Making the Desert Your Friend

One of the key elements in the 12 steps is surrender. For the first seven years of my sobriety I could never say I surrendered entirely. There was a piece of me I kept hidden, even from God. And then the bottom dropped out.

Beaten into complete defeat…and surrounded by those who can speak from the heart, I finally surrendered ~ Bill W

This was a bottom I reached in sobriety ~ a sober bottom ~ but a bottom nonetheless

My mother had recently died. I was without a partner, my work was sheer drudgery and I had no vision whatsoever of my future. It seemed to me my best days were behind me.

In the past I would have escaped into an alcoholic haze but with sobriety my mirage-making machinery had been dismantled I had no way to escape the darkness and the “black dog” of depression nipped at my heels.

My work had taken me to San Francisco and one morning, while on a run in the Marina District, I came to the beach below the Golden Gate Bridge. I stood mesmerized.

I suspect my gaze looked no different from others, but in truth, in my hopelessly sad, lonely, and depressed state I was contemplating what it might mean to become one of the 1,600 people who had been fished out of the bay during the bridge’s history.

I was shaken by these thoughts. I then remembered my “hole card,” the card I could play if I ever got into a really tight place. I could call my buddy, Joe Thomas. I knew if I called, he’d come. I called. He came.

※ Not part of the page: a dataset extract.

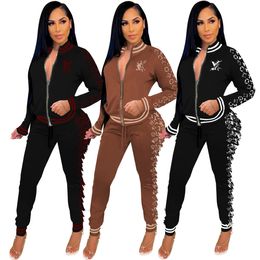 Tweede stuk broek tracksuit outfits vrouwen casual bedrukt slanke jas en trainingsbroek sets gratis schip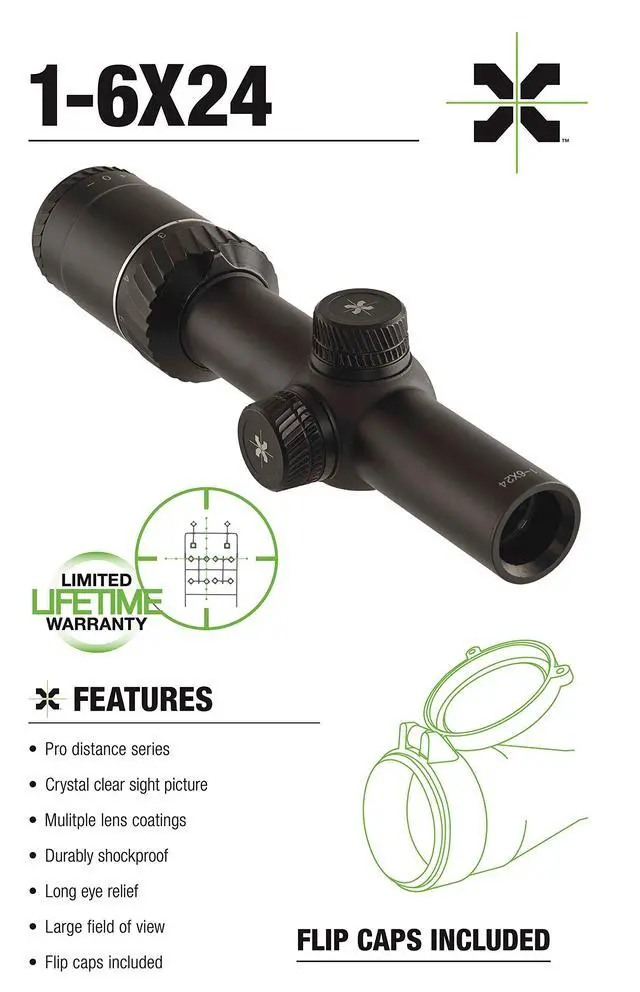Alt view image 4 of 4 - Optics 1-6x24mm Tactical Rifle Scope, Black, One Size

Joe caught the next plane out of Mobile. We spent the next few days in deep conversation. I shared with him my broken spirit, my despair, my feelings of abject loneliness.

During that time we talked, went to meetings, and soon were planning a cross-country trek, a personal retreat, a kind of odyssey that would take us through Death Valley.

During that time we talked, we planed a cross-country trek that would take us through Death Valley.

Maybe it was the hot valley floor that rose up to meet me, or maybe I was just ready, but I finally rendered up that hidden part of me on a day in May 1992.

Here’s what happened.

Joe and I had gotten out of our car and began to walk a short way in the terrific heat, something north of 120 degrees. The air shimmered. As I surveyed this barren, hot, dead landscape I said to Joe, “This place looks exactly like how I feel. How, in the name of God, can anything survive here?” Then, without missing a beat Joe said, “

It’s simple. You make the desert your friend.”

Wow! Joe’s statement came as a bolt of lightning that blew apart the fortress guarding my hidden self.

Up to that moment the desert had been my enemy, to be avoided at all cost. Joe uncovered a critical flaw in my understanding of life. I was accustomed to fighting life, treating every adversity as a foe, something to be beaten. Here was Joe, suggesting I make it my friend. Make adversity my friend? Joe was saying the “desert” times that are inevitable for all of us could feed me, nourish me, and introduce me to a whole new way of embracing my life.

  • Desert times are openings to new opportunities
  • Deserts have hidden wellsprings
  • Deserts are filled with fellow travelers

When we left Death Valley and ended our day at Mt. Whitney, I had the opportunity to look down on the valley and I realized I’d buried my Golden Gate Bridge despair in the desert floor. My time in Death Valley had filled me with a sense of new life.

The desert had become my friend and it’s been my friend ever since.